Article 4 of the EU AI Act introduced an obligation that has received less attention than the high-risk AI requirements or the prohibited practices, but which applies broadly across all organisations that provide or deploy AI systems: the obligation to ensure adequate AI literacy.
Providers and deployers must take measures to ensure that their staff and any other persons operating or using AI systems on their behalf have a sufficient level of AI literacy. The AI Act defines this as the skills, knowledge, and understanding enabling people to make informed use of AI systems and to be aware of the opportunities and risks they entail.

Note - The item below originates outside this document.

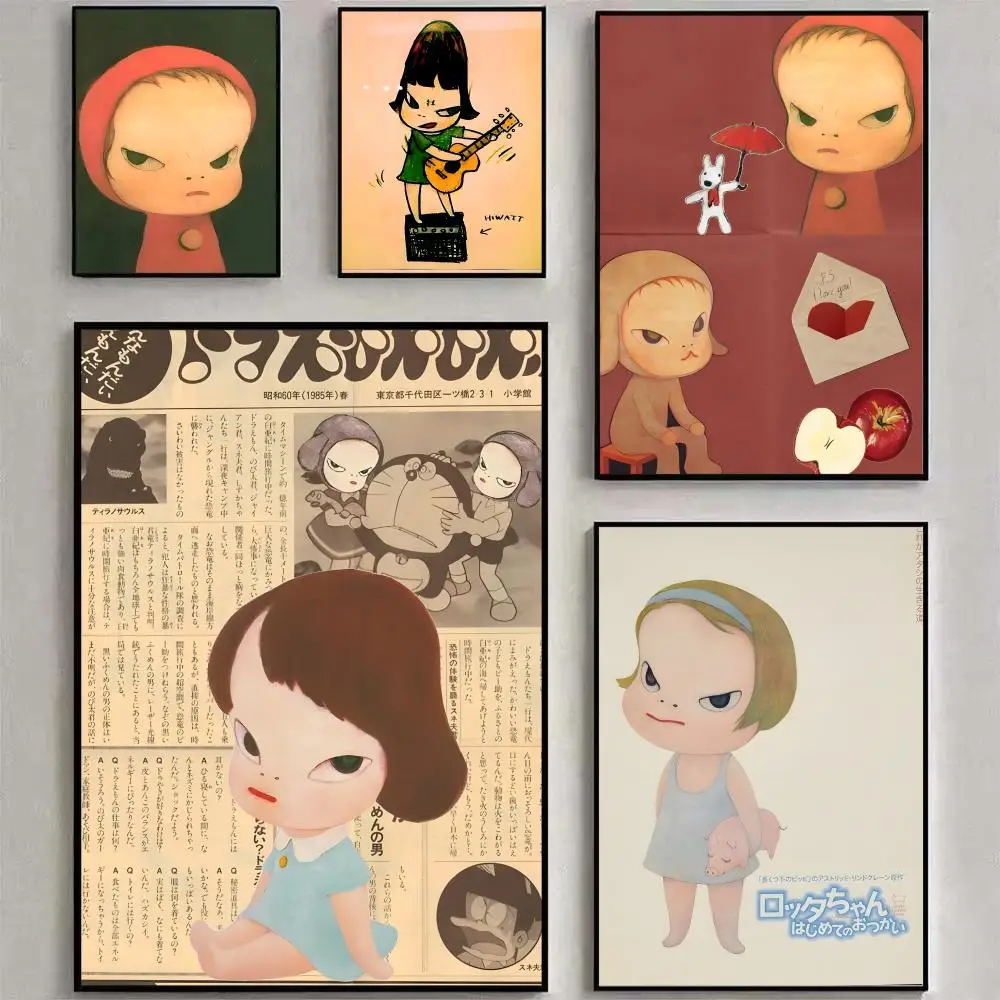 Y-Y-Yoshitomo N-Nara Art Anime Poster HD wasserdichte Leinwand Poster Art: Ästhetische Wanddekoration für Zuhause, Bar und mehr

This obligation is not tied to whether an organisation's AI systems are high-risk, limited-risk, or minimal-risk. It applies to any organisation that falls within the AI Act's scope because it develops or deploys AI systems, regardless of their risk classification. For many organisations, AI literacy is already partially addressed through internal training programmes, technology onboarding, or HR initiatives. However, these may not have been designed with the AI Act's specific requirements in mind, and they may contain gaps in either technical understanding, legal awareness, or both.
The AI Act does not specify a uniform AI literacy standard. Instead, Article 4 specifies that the appropriate literacy level depends on the context: the technical knowledge, experience, education, and training of the relevant persons; the extent of their involvement with AI systems; and the type, nature, and intended purpose of the AI systems they work with. This means that AI literacy is not a single training module to be completed once. It is a graduated, role-specific competency requirement that must be matched to the actual responsibilities of each category of staff.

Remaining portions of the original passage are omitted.